A verbatim restatement of the data, free of pictures, is what you should output.

Information supplied:
┄┄┄┄┄┄
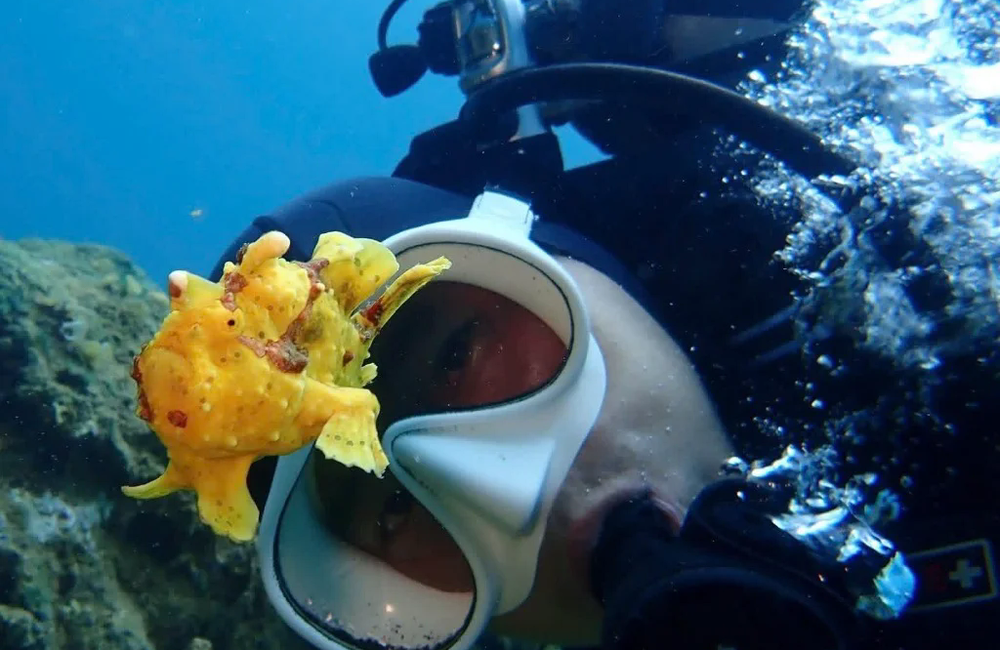 Dive Center Rainbow Divers-Vietnam - Vietnam - photo 5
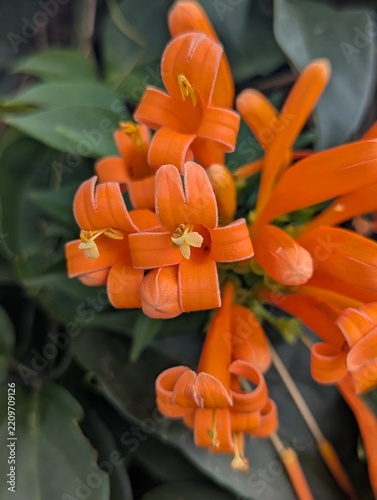 orange trumpet flower, flame vine, Kenya, Africa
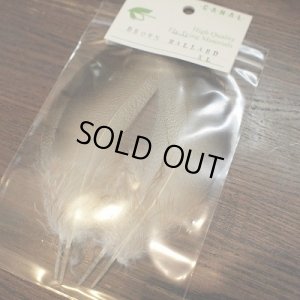 画像1: 【CANAL】BROWN　MALLARD　ＸＬ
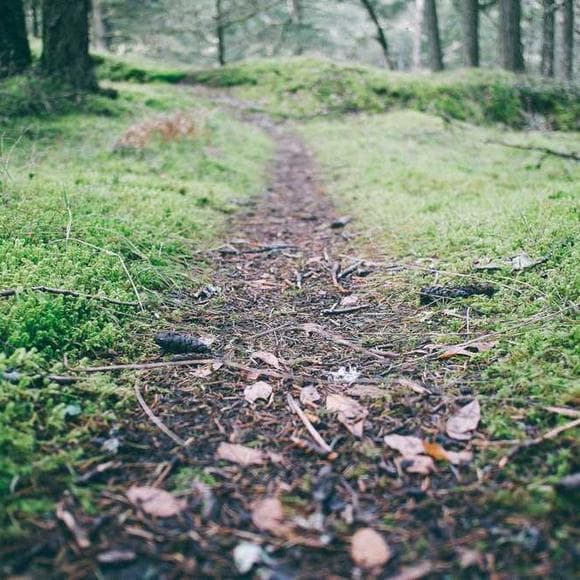 henry david thoreau Quotes Experience,Civilized,Wiser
┄┄┄┄┄┄
Exercise solution:
 Dive Center Rainbow Divers-Vietnam - Vietnam - photo 5
 orange trumpet flower, flame vine, Kenya, Africa
 画像1: 【CANAL】BROWN　MALLARD　ＸＬ
 henry david thoreau Quotes Experience,Civilized,Wiser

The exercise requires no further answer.